#### Problem to solve:
Your task is to return the span of lines beginning at the one with "井尾谷 透花さんの姓名判断結果" and ending at the last line of the data, exactly as it stands.

#### Materials provided:
※

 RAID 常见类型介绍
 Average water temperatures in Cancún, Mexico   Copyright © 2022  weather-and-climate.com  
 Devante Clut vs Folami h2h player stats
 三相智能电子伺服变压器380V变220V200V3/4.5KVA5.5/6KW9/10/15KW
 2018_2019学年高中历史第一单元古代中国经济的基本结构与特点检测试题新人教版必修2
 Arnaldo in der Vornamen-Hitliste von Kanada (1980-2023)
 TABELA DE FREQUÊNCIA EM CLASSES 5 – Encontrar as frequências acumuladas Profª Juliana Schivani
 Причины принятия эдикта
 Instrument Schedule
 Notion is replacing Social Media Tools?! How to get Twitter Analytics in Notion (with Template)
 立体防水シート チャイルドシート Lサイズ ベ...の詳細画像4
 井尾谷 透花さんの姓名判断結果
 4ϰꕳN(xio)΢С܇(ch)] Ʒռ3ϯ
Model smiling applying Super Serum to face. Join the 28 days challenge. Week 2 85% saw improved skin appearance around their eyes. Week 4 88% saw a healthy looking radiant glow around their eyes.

※

#### Finished task:
 井尾谷 透花さんの姓名判断結果
 4ϰꕳN(xio)΢С܇(ch)] Ʒռ3ϯ
Model smiling applying Super Serum to face. Join the 28 days challenge. Week 2 85% saw improved skin appearance around their eyes. Week 4 88% saw a healthy looking radiant glow around their eyes.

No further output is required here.